> _TASK DETAILS_
Return the listing below unchanged, minus its pictures.

> _MATERIAL PROVIDED_
§ §

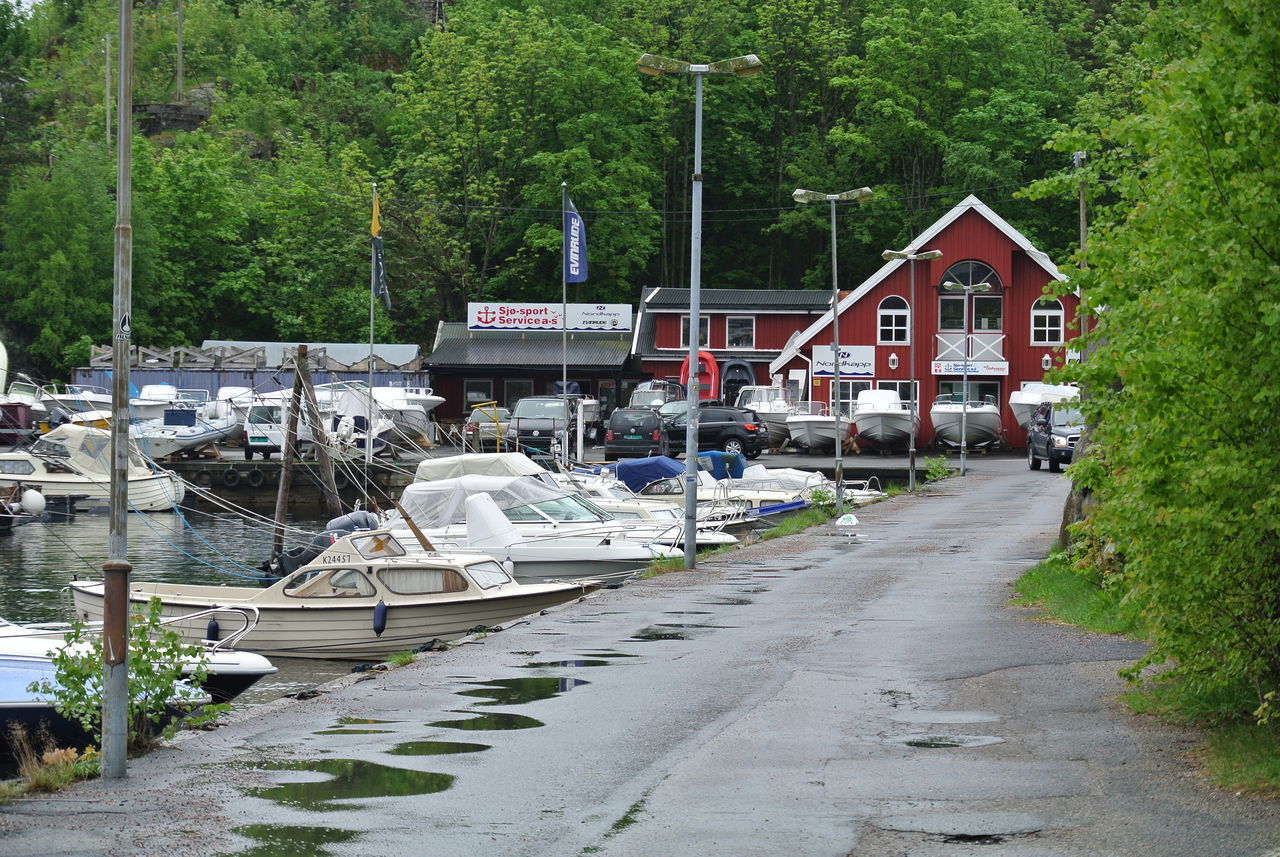 BOATS MOORED BY RIVER AGAINST BUILDINGS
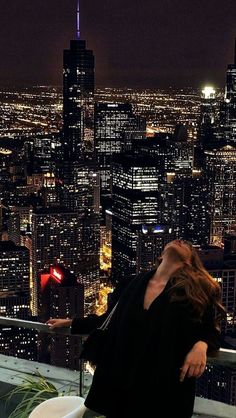 a woman sitting on top of a toilet in front of a cityscape at night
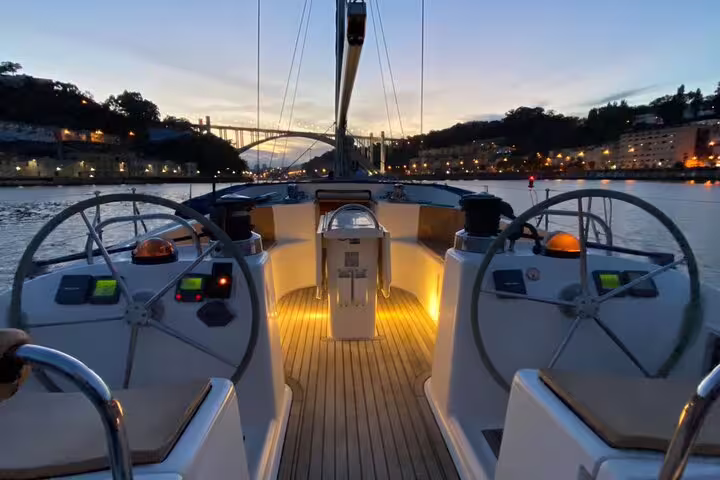 Scenic Douro River boat tour at sunset in Porto with illuminated deck, offering wine and snacks for a memorable experience.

§ §

> _EXERCISE ANSWER_
 BOATS MOORED BY RIVER AGAINST BUILDINGS
 a woman sitting on top of a toilet in front of a cityscape at night
 Scenic Douro River boat tour at sunset in Porto with illuminated deck, offering wine and snacks for a memorable experience.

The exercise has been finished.